The character is 17, prematurely aged by enduring severe loss and living in a dog-eat-dog world of homelessness, crime, and prostitution in a fictional setting. He leads a gang of criminals. They mention him being in pain a lot. 
However, his “office” is on the 5th floor of a building. When they do a massive prison breakout for their mafia gang members, he runs all over that massive prison that has like 15 floors (and no elevators, obviously). At the end of it, he even climbs a 30-foot incinerator shaft and escapes over the rooftop with his dudes/gals/friendly humans. All this happens in a time span of 4 hours, no rest, no nothing. 
My point being: even when a disability is present and is mentioned more than once on 400 pages (huzzah!), the ACTUAL CONCEPT of disability never exists. That person never simply CANNOT GO ON. There is nothing they simply cannot do (like scale a 30-foot-wall). They never are dependent on others, even if those others offer help.
This perpetuates the idea that is ubiquitous among able-bodied people already that it’s all about “the right attitude” and that if you REALLY WANT TO or REALLY NEED TO or the lives of your incarcerated buddies depend on it, you can do literally anything, or at least as much as your able-bodied friends. 

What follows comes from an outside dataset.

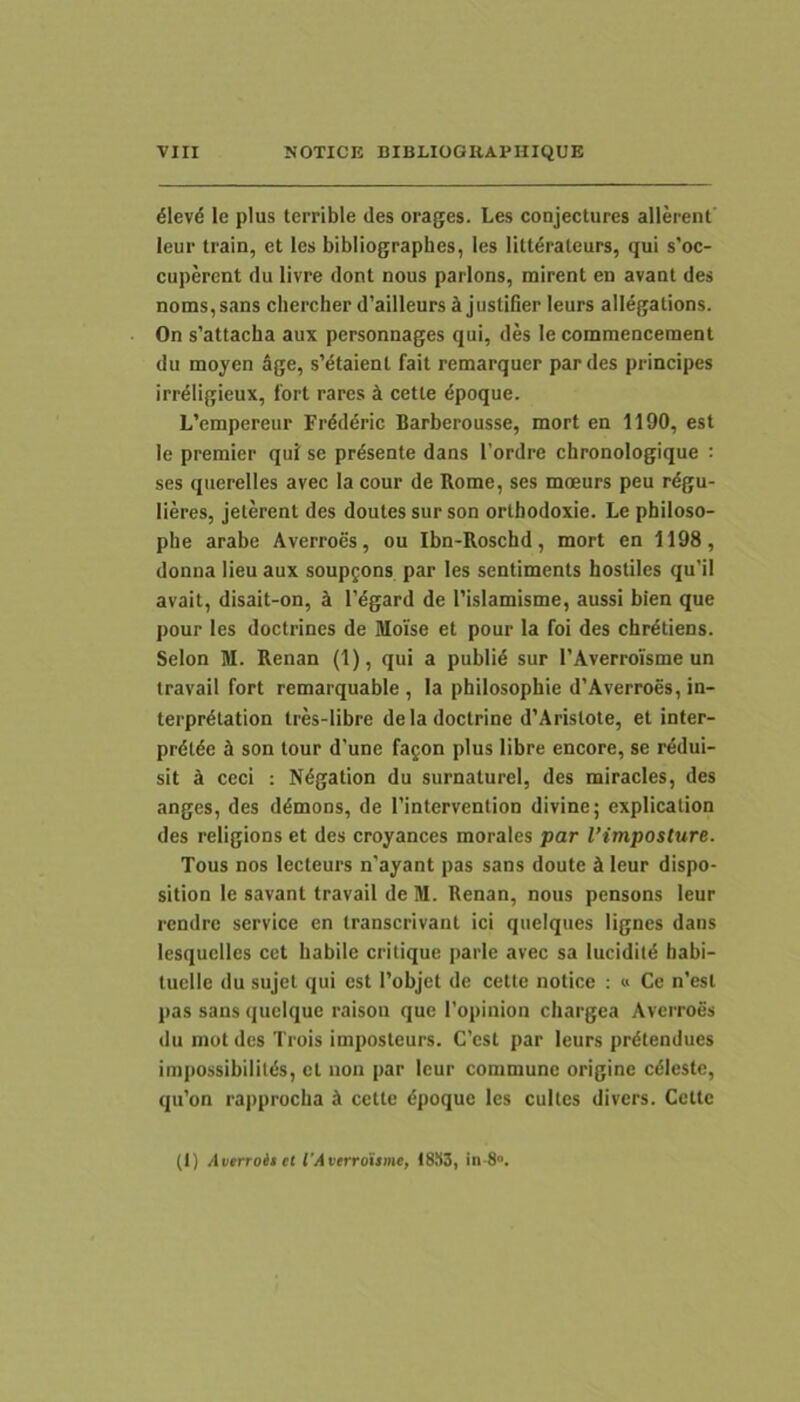 ^levd le plus terrible des orages. Les conjectures allerent leur train, et les bibliographes, les Htt6rateurs, qui s’oc- cupercnt du livre dont nous parlons, mirent en avant des noms,sans chercher d’ailleurs ^ jiistifier leurs allegations. On s’attacha aux personnages qui, des le commencement du moyen Age, s’dtaient fait remarquer par des principes irrdligieux, fort rares k cette ^poque. L’empereur Irdd^ric Barberousse, mort en 1190, est le premier qui se pr^sente dans 1’ordre chronologique : ses querelles avec la cour de Rome, ses moeurs peu rdgu- lieres, jelerent des doutes sur son ortbodoxie. Le philoso- phe arabe Averroes, ou Ibn-Roschd, mort en 1198, donna lieu aux soupfons par les sentiments hostiles qu’il avait, disait-on, h 1’dgard de 1’islamisme, aussi bien que pour les doctrines de Moise et pour la foi des chrdtiens. Selon M. Renan (1), qui a publi6 sur TAverroisme un travail fort remarquable , la philosophie d’Averroes, in- terprdtation tres-libre deladoctrine d’Arislote, et inter- prdlde A son tour d'une fagon plus libre encore, se rddui- sit A ceci : Ndgation du surnaturel, des miracles, des anges, des ddmons, de 1’intervention divine; explication des religions et des croyances morales par Vimposture. Tous nos lecteurs n’ayant pas sans doute A leur dispo- sition le savant travail de M. Renan, nous pensons leur rendre service en transcrivant ici quelques lignes dans lesquclles cct habile critique parle avec sa luciditd habi- tuelle du sujet qui est Tobjet de cette notice : « Ce n’est pas sans quelque raisou que 1’opinion chargea Averroes du motdes Trois imposteurs. C’c$t par leurs prdtendues impossibililds, ct non par leur commune origine cdleste, qu’on rapprocha A cette dpoque les cultes divers. Cette (t) /tuerroiicl VAverroitme, 18X3, in-8».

THIS IS A FUCKING LIE. This is the worst thing you can tell people about disabled people, whether it is in fiction or in reality. It is so harmful, I can’t even find the words. A disability does not just conveniently disappear because you need it to. You can’t “power through” pain or limitations of movement because you will fucking INJURE YOURSELF. You will literally tear muscles affected by spasticity or tightness from misaligned joints or spines by straining and tendons shortened by badly-healed injuries. You will break stiff joints or the respective bones leading to a stiffened joint if you strain them beyond their capabilities. You will fall off that 30-foot-wall, and depending on how high up you made it, you will definitely hurt yourself to the point of being immobilized or fucking die, and/or the prison guards will catch you and you will be killed. 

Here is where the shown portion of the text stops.